東大社研の調査が労働調査であったのは,そこにいた研究者が社会政策・労働問題をたまたま専門としていたという事情によるのではない。戦後の状況の下で,社会生活を編成し,組織していくのが労働者であり,労働運動であり,労働組合であろうという問題意識を,研究者の多くが持ち得たからである。それは,程度の差や理解の仕方のバラエティがあったにせよ,マルクス派社会科学の枠組みに沿って当時の現実が理解されていたからである。
しかし,戦後日本社会の現実の展開は,労働運動と労働組合の役割を限定的なものとした。本書の元になった報告が行われた1970年前後でさえそうであり,その後についてはなおさらであった。労働問題・労使関係は,日本社会の全体を規定するものとしてでなく,一つの専門領域として研究されるようになっていった。そして,社会生活を大きく規定する主体として立ち現れたのは,企業であり経営だったのである。経営が独立変数であり,労働は従属変数となっていた。社研調査のテーマの変遷は,そのことを承認して視点を企業へとシフトさせていったことを示しているように思う。
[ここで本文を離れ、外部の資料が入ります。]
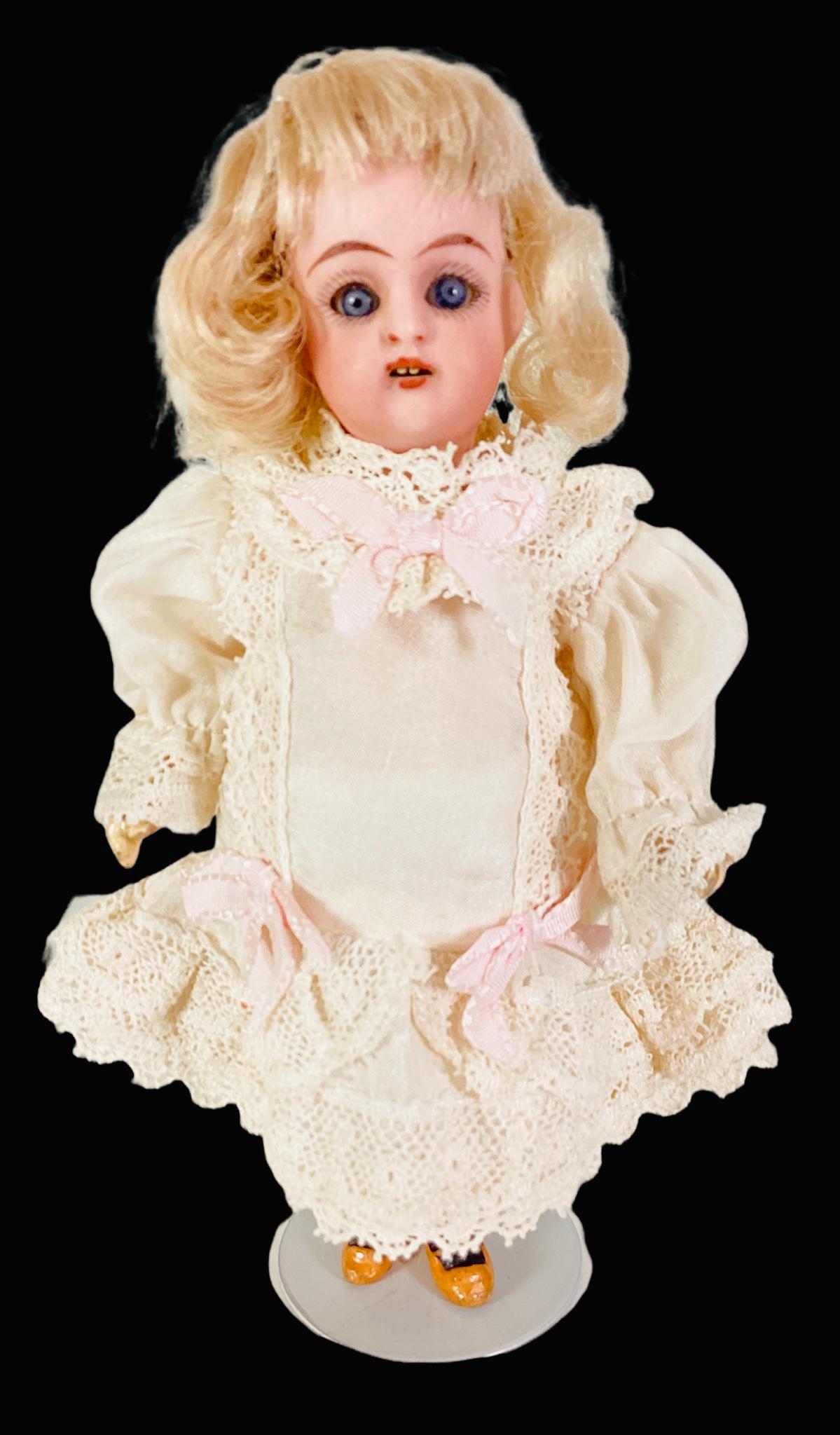 Simon & Halbig K&R bisque socket head girl. 6" doll with mohair wig, glass sleep eyes, open mouth: Simon & Halbig K&R bisque socket head girl. 6" doll with mohair wig, glass sleep eyes, open mouth with teeth, on five-piece walker body with molded and painted two-strap shoes and stockings. Bisque ha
このような変遷の中で,山本潔氏が行っていた労資関係研究と中小企業研究のうち,植田氏は後者を受け継いだ。それでも植田氏は『大阪社会労働運動史』の執筆や光洋精工社史の執筆において労働組合にも調査に行っていたはずである。しかし,彼にくっついて実態調査に入った私の場合,最初から調査に行くべき相手は企業であり,経営であった。「企業経営が,労働と生活をどのように規定しているか」という因果関係の調査を通してしか,現実に対する肯定も批判もしようがないと,当時の私には思われたのである。こうして,私のささやかな産業調査は始まった。